- _Problem requirements_: The lines below, from the one containing "Metallic Gold and Black Business Cards" through the one containing "Fashion Mid-length Knitted", should be set down exactly, with no pictures and nothing else.

- _Input material_:

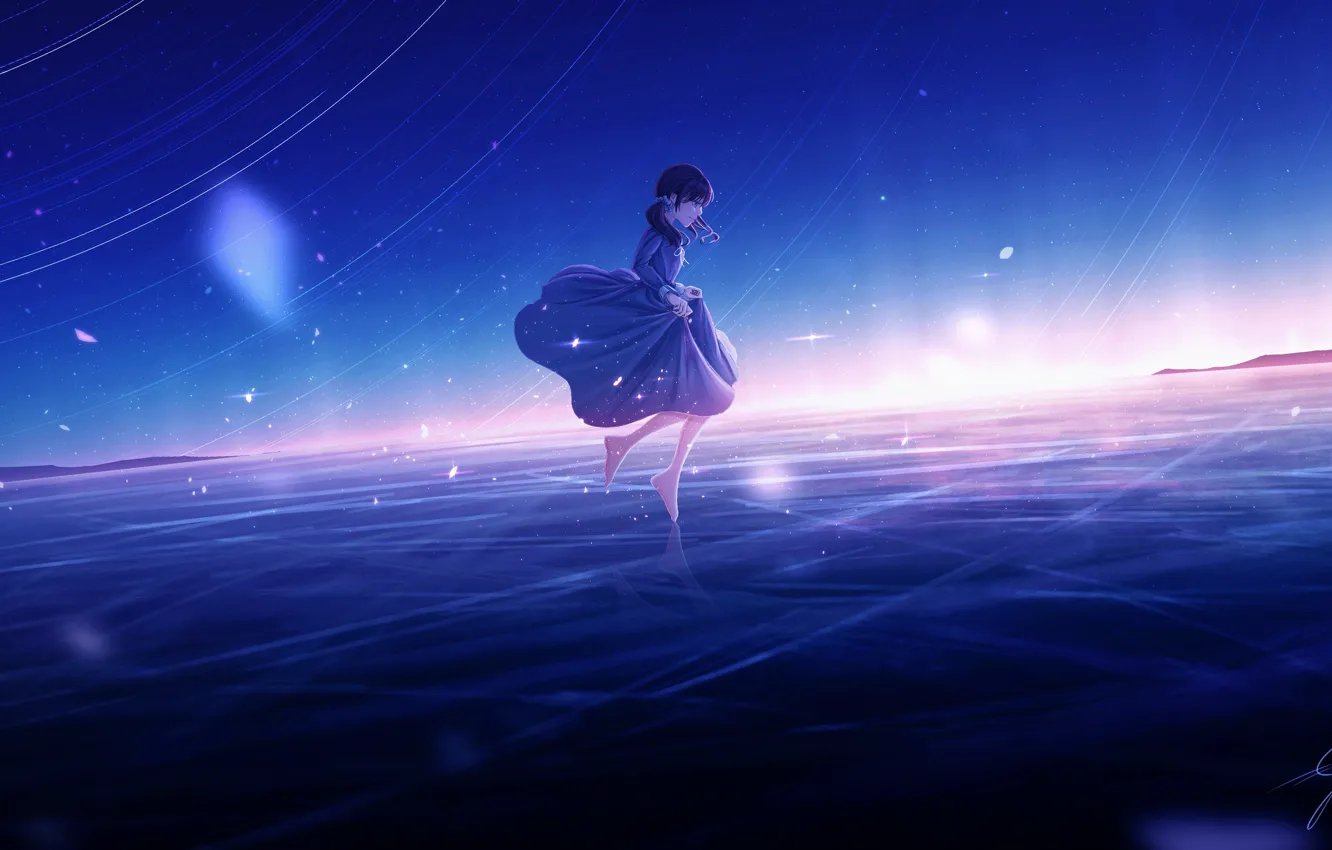 Photo wallpaper ice, the sky, girl, runs, Nengoro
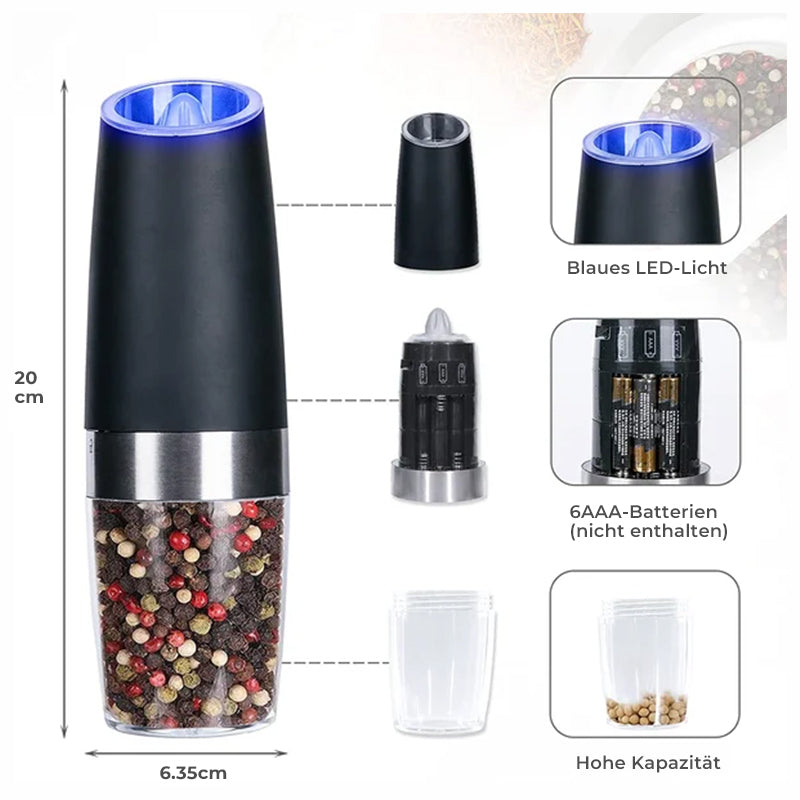 BowLift | electric gravity induction salt and pepper mill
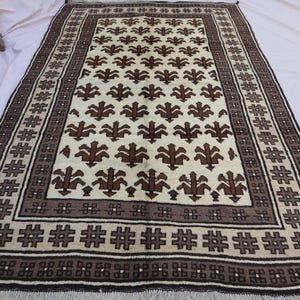 5x8 Handmade Wool Rug, Nomadic Tribal Rug, Afghan Vintage Rug, Collector Piece Rug, Organic Dyes Rug, Geometric Design Rug, Rug For Kitchen,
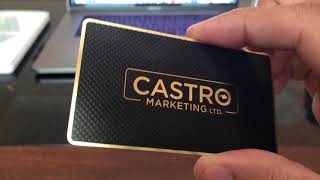 Metallic Gold and Black Business Cards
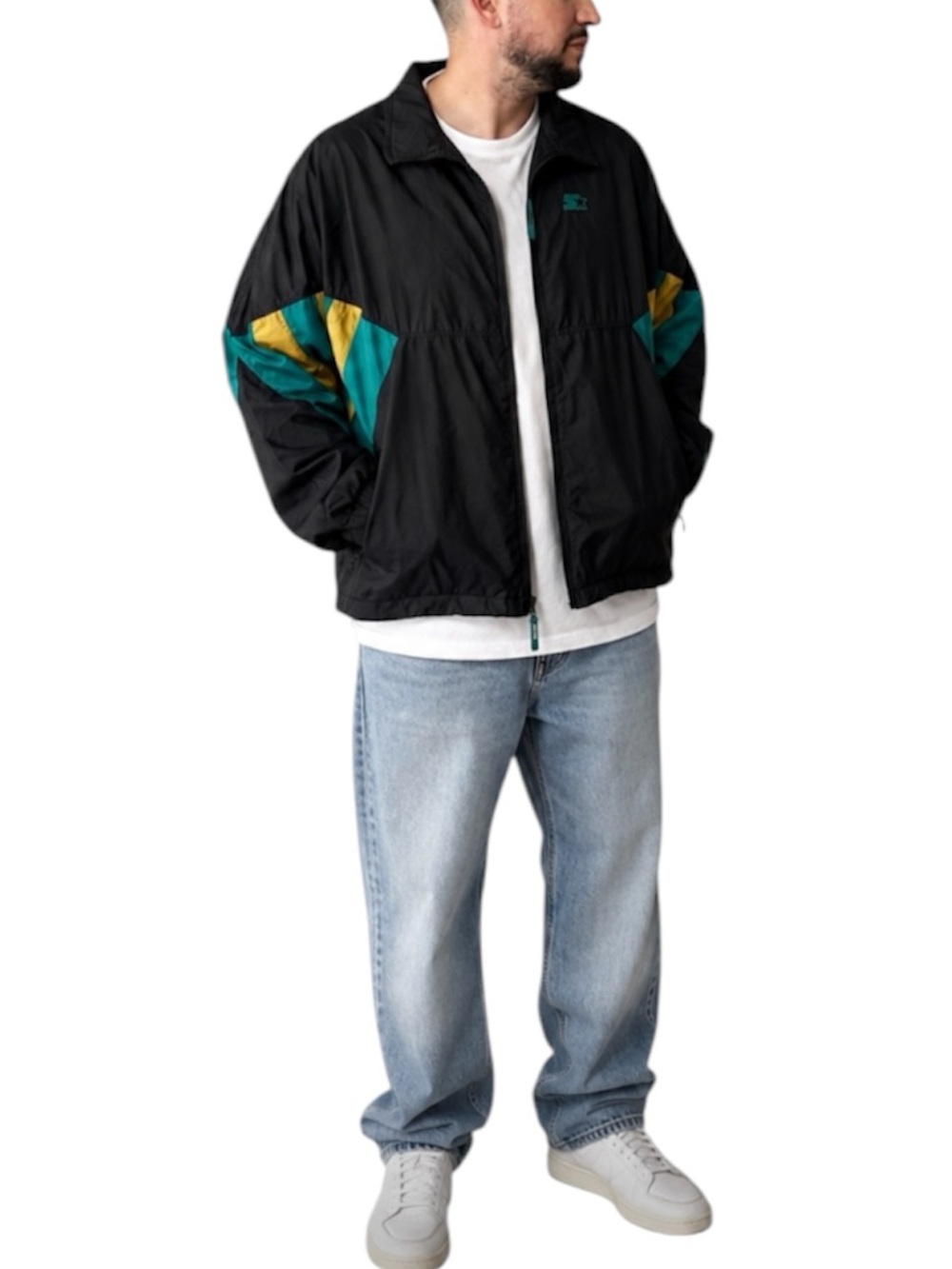 Vintage Starter Colorblock Windbreaker Jacket Black Teal Yellow 90s Streetwear O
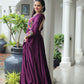 Lorenvalley Fashion Wine Rayon with Kutchi Gamthi Work Gown | Swadesiicart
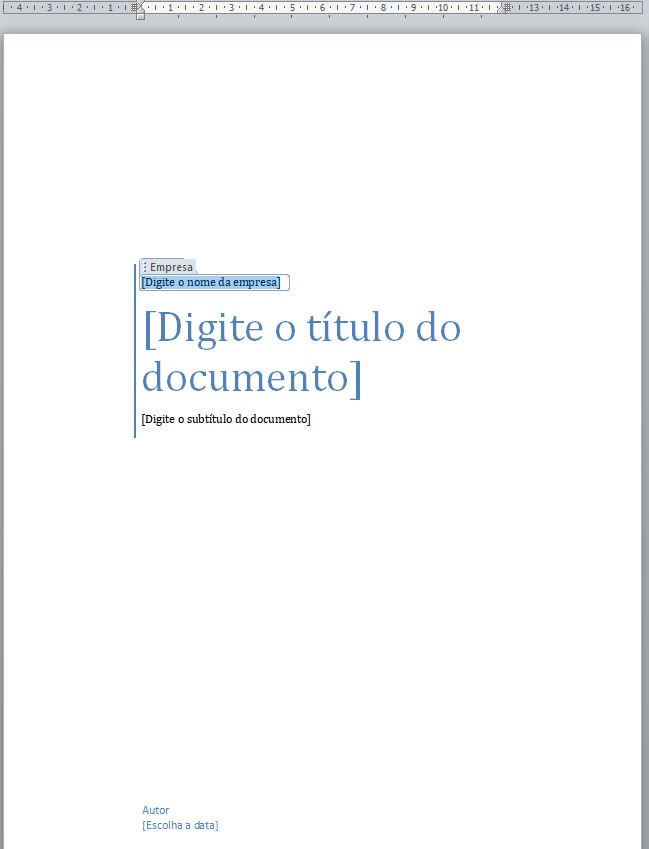 Folha de Rosto Editável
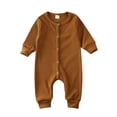 thumbnail image 3 of Solid color button knit jumpsuit overall clothing long sleeve one piece baby jumpsuit, 3 of 5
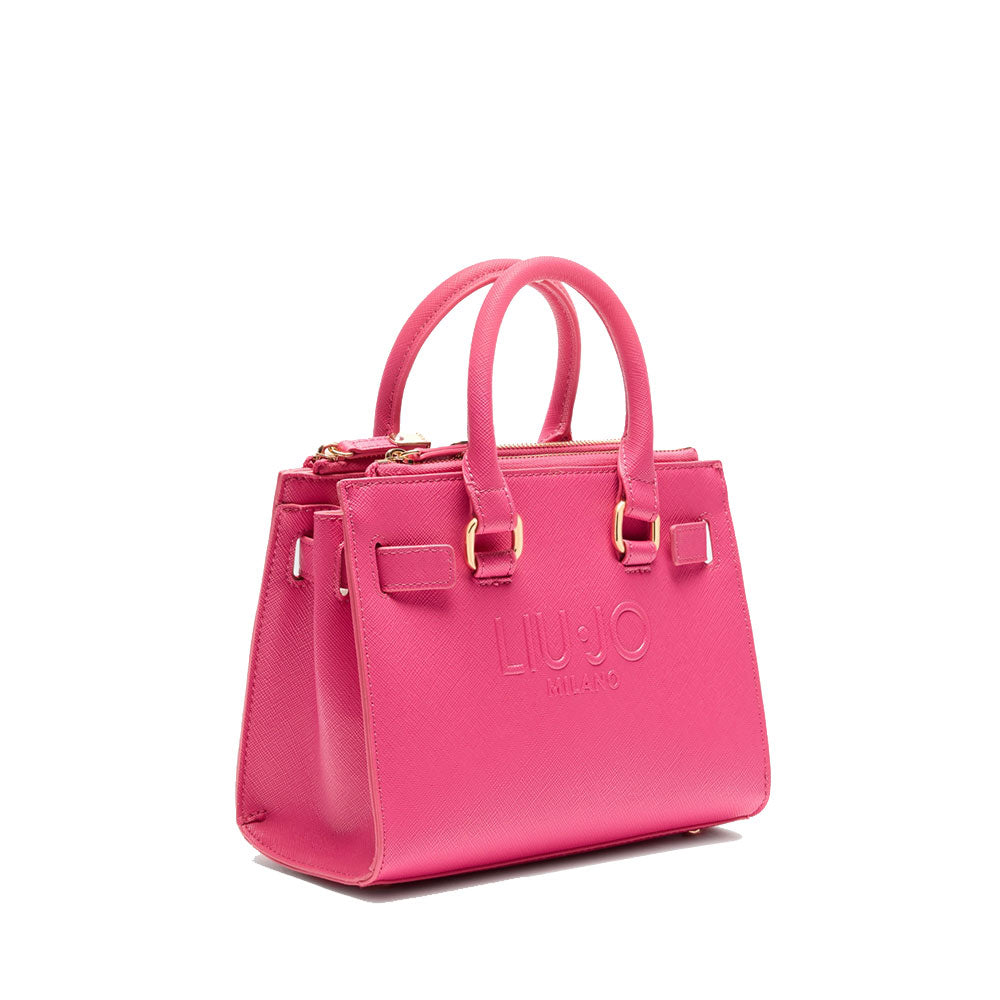 Borsa Donna a Mano LIU JO con Logo in Rilievo Dark Pink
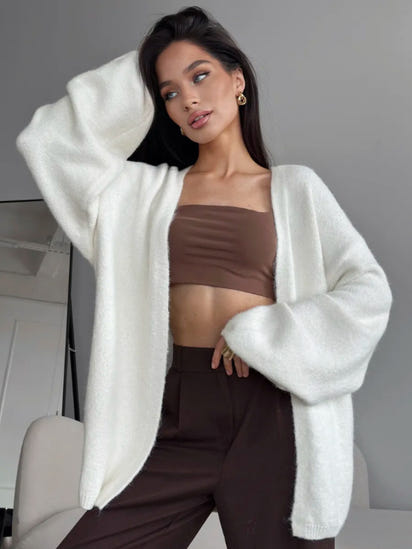 Fashion Mid-length Knitted Cardigan Top Women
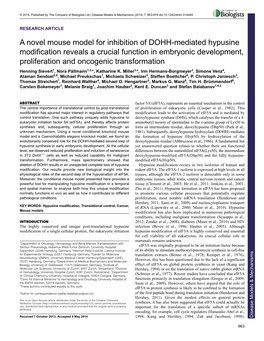 A Novel Mouse Model for Inhibition of DOHH-Mediated Hypusine Modification Reveals a Crucial Function in Embryonic Development, P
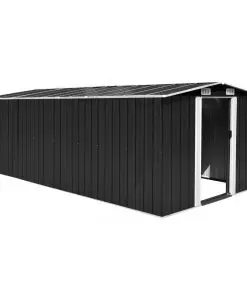 vidaXL Garden Shed 257x497x178 cm Metal Anthracite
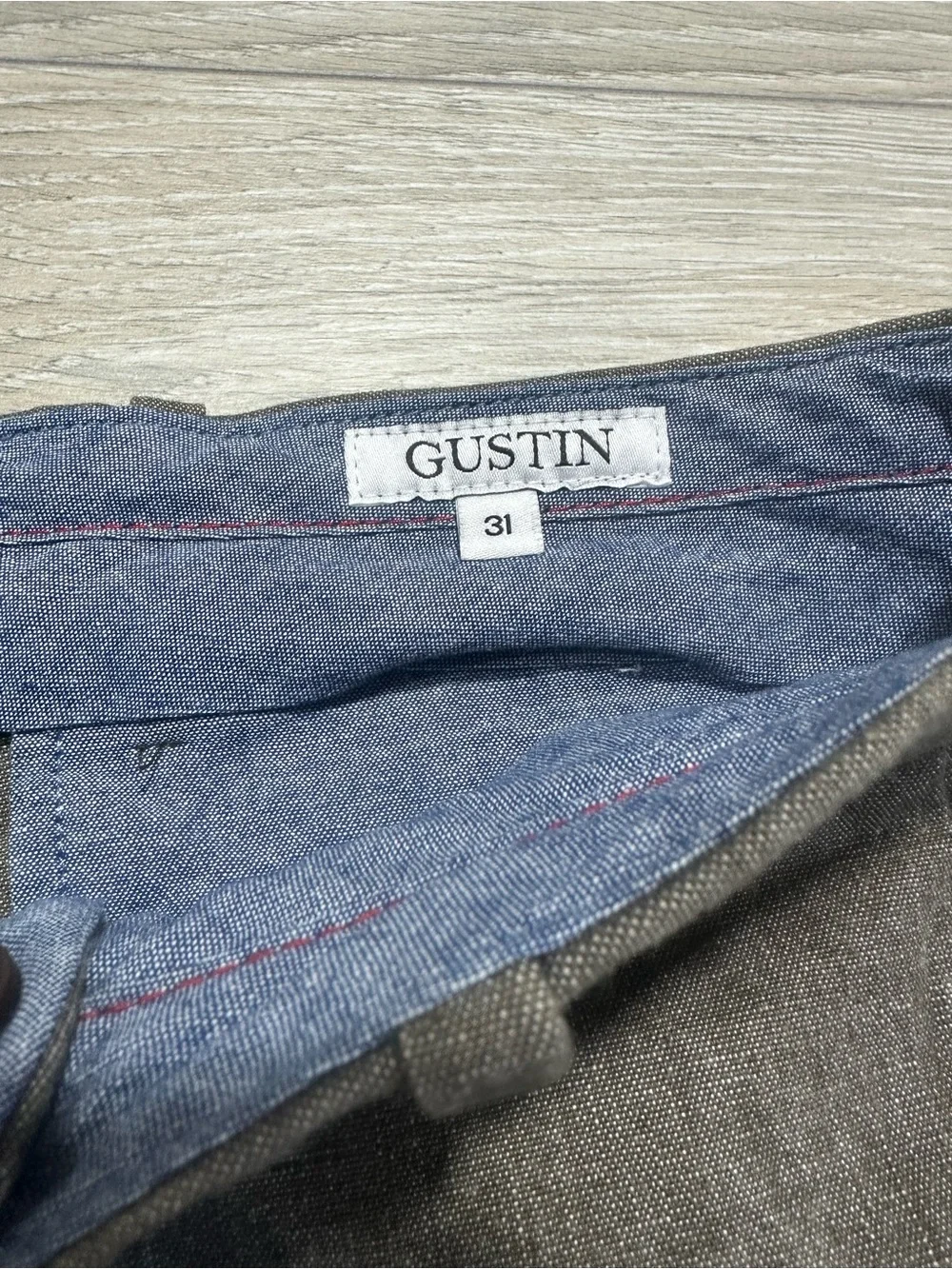 Gustin No. 115 Straight Fit Trousers Brown Chambray Made in USA Size 31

- _Exercise output_:
 Metallic Gold and Black Business Cards
 Vintage Starter Colorblock Windbreaker Jacket Black Teal Yellow 90s Streetwear O
 Lorenvalley Fashion Wine Rayon with Kutchi Gamthi Work Gown | Swadesiicart
 Folha de Rosto Editável
 thumbnail image 3 of Solid color button knit jumpsuit overall clothing long sleeve one piece baby jumpsuit, 3 of 5
 Borsa Donna a Mano LIU JO con Logo in Rilievo Dark Pink
 Fashion Mid-length Knitted Cardigan Top Women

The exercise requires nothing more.